Ayesha Siddiqa, a political scientist and author of the book Military Inc tweeted on October 27, “Each party has an interlocutor with the military but for a meaningful change, PDM parties will have to start a dialogue with the army that can ensure a meaningful negotiation of power for the long run.
“A social contract will have to be much wider. It will have to extend to smaller provinces but also religious and ethnic minorities. Pakistan has little chance to become secular but a healing hand will have to be extended to minorities or else it will remain exploitable.”
However, Khattak thinks that the army’s functions and duties have already been clearly and legally set out.
“The role of the army is clearly defined in the country’s constitution. There is hardly any need to redefine the army’s core responsibilities by enacting a new social contract,” he said. “No one is against the army as an institution, but when it goes beyond its constitutional scope and indulges in politics and businesses then the trouble starts.”
He said democratic transitions in 1972, 1985 and 2008 also needed to be evaluated to understand the merits and demerits of civilian rule.
The anti-establishment campaign took a dramatic turn last week when the country’s premier spy agency, ISI, and the military’s Karachi Rangers allegedly abducted the Sindh Inspector-General of Police Mushtaq Mehr to coerce him into ordering the arrest of a key PML-N leader.
(PML-N is an offshoot of the PML, one of Pakistan’s three largest political parties.)
Sindh Chief Minister Syed Murad Ali Shah says he was kept in the dark about the police action in the early hours on Monday when police broke into the hotel room of Maryam Nawaz and arrested her spouse, Captain Muhammad Safdar Awan.

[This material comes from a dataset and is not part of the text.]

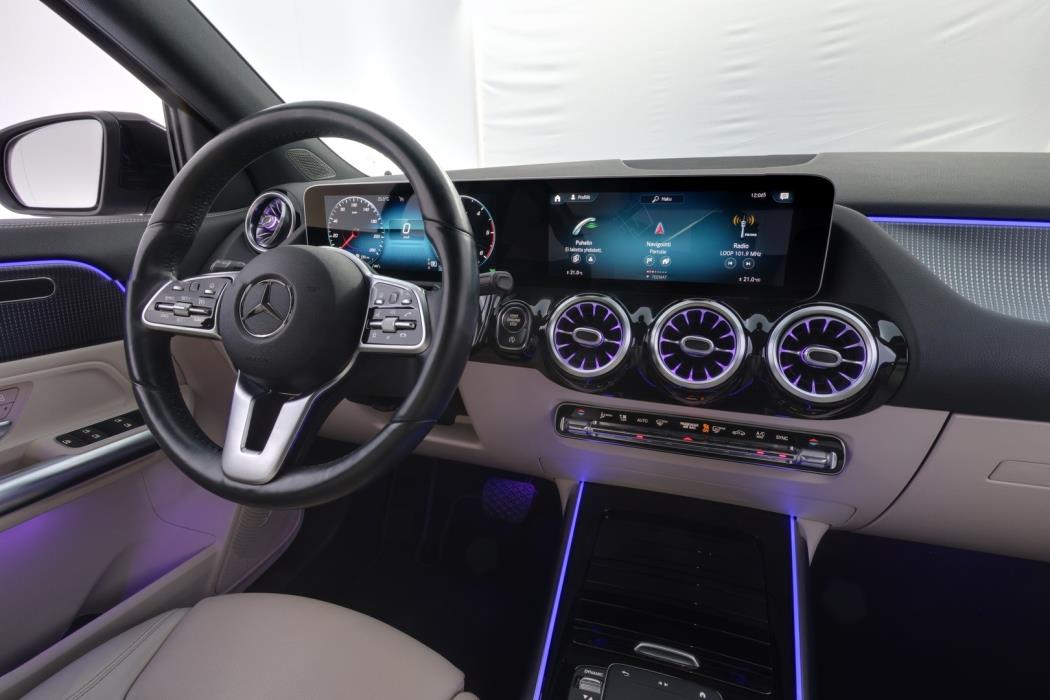 MERCEDES-BENZ GLA 2021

The couple was in Karachi for a PDM public meeting the day before.
Just as Zardari was slamming Safdar’s arrest and promising a ministerial inquiry into the incident, more than 60 senior Sindh police officials including Mehr tendered leave applications in protest against the perceived as politicized arrest.
The mass leave applications reportedly sent shockwaves across the top brass. Underscoring the significance of the backlash at a delicate juncture, army chief Bajwa stepped in and ordered an inquiry into the incident.
On Tuesday, rights activist I A Rehman and others petitioned the Supreme Court seeking a broad-based commission to investigate whether Mehr was kidnapped, detained and forced to issue an arrest order for Awan. In particular, the petitioners sought identification of anyone or any institution involved in the act for legal action to be filed against them.
Last week, when the Mehr saga came to the fore, PML-N leader and former premier Shahid Khaqan Abbasi said the ISI and Rangers were answerable to the prime minister, who in this case he suggested may have violated the constitution by overriding the authority of Sindh province authorities.
“The premier will have to answer why he broke his oath besides directing others to do so,” Abbasi said according to a Dawn report.
A resolution was also tabled last week in the Pakistan Senate, which sought to create a committee to investigate the PML-N leader’s arrest and alleged abduction of Mehr.
Analysts say a Senate investigation is needed to draw a proper and legal conclusion of an incident that has glaringly underscored the root of the PDM’s anti-military and anti-establishment complaints.